There have been memes and articles criticizing the change, which was originally scheduled to start on the first of 2016.  The 911 task force understands there are challenges to the implementation, not the least of which are the thousands of regular phone numbers that begin with "911..." which must be changed to reduce mis-directed calls.

Fortunately for the US tourist, the majority of US phones that roam in Mexico will automatically interpret a call to 911 as one looking for a local emergency number, and find it.  It should give us some comfort, especially since the incentive to choose a single national emergency number came after a tragic event that ocurred in Mexico in 2014.

Wednesday, December 7, 2016

Your Phone with MORE Numbers

It was just last week we commented that your wireless phone number has become a secondary consideration for your smart phone.  Today, T-Mobile announced they will take that idea one step further.  They will now allow you to ring your wireless phone with multiple numbers, even from other carriers, or enable your number to ring all of your devices.

While this isn't a complicated scheme, T-Mobile is doing it with normal calling channels, not as a work-around VoIP app.  This also could be compared to the multi-functional Google Voice features.  T-Mobile calls their new feature, "DIGITS" and it will be device-dependent, but they are incorporating it in a growing number of devices.  For now, you would be using DIGITS as a beta function, but the technology is not that experimental.

While the other wireless carriers can probably add this feature without too much difficulty, it's T-Mobile who has the courage to upset their own apple cart.  It makes us wonder why carriers haven't tried more of these creative features.  Can they be afraid of changing the status quo?  In the words of Mike Sievert, Chief Operating Officer of T-Mobile, “DIGITS is breakthrough technology that won’t be replicated any time soon.”  So, once again, not only is T-Mobile disrupting the status quo, they're throwing out a challenge to other carriers, 'catch us if you can.'

Friday, December 2, 2016

Contemplating a Move to Canada?

Up north wireless is different.  In Canada, there are only 3 national carriers, compared to 4 in the US.  Canada is an example of what would happen if we had only a "Top 3": high prices.  Canadian wireless users keep hoping that their federal government will issue spectrum and licenses to enable the existence of a 4th major carrier...which they have done...but a new national network has not been created.  It's too big of a project to build that much new wireless infrastructure.  So the crumbs tossed out by their government have been gobbled up mostly by existing players.

What has happened is the some of the smaller players that users had hoped to someday grow big and be competitive, have gone in different directions.  What was Mobilicity has been acquired by Rogers Wireless and absorbed into Chatr Mobile.  This is similar to T-Mobile taking over MetroPCS.  Chatr offers different price points and the same coverage as Rogers, but nobody's giving away the store.

The other change was the acquisition of Wind Mobile, Canada's last hope for wireless salvation.  They were purchased by one of Canada's major cable companies, Shaw Communications, and the name was changed to Freedom Mobile.
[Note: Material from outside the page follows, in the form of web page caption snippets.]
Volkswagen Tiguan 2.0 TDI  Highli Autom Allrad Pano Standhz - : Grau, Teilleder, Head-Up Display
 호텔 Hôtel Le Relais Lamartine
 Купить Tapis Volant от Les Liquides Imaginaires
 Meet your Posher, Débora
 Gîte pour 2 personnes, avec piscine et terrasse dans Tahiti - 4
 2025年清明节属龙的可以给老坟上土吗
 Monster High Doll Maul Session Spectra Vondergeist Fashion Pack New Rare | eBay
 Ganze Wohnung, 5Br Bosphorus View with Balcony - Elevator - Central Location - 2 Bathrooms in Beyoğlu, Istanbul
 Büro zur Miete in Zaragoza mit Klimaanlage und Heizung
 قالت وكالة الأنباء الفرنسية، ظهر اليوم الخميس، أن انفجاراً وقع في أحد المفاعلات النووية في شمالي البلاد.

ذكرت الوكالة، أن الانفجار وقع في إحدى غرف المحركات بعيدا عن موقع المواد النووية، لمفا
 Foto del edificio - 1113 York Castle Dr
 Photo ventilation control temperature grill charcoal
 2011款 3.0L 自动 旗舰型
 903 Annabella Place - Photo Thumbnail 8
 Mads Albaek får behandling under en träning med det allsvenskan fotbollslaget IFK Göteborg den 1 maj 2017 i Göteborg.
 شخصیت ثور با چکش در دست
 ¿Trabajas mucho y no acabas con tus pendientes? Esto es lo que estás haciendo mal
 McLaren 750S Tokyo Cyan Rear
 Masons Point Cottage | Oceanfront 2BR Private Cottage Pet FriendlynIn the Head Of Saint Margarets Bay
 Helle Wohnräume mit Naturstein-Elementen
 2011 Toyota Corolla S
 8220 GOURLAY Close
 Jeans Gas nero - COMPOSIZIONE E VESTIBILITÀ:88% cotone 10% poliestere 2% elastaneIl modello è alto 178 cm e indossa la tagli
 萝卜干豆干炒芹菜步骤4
Hopes were dashed when Freedom sold their licenses in Manitoba and Saskatchewan to local operators in those provinces.  This funded Freedom's upgrade of 4G-LTE coverage in other areas, but requires their customers to roam outside their home service area, which is still quite small, and some of which is limited to higher AWS frequencies.  Freedom does offer cheaper local plans and better deals for roaming into the US, but they can't offer the iPhone.  Freedom's moves don't seem to affect the top 3, so the game continues, and the prices remain higher than in the US. Lucky us. And it's why we can't let any of our top 4 carriers merge.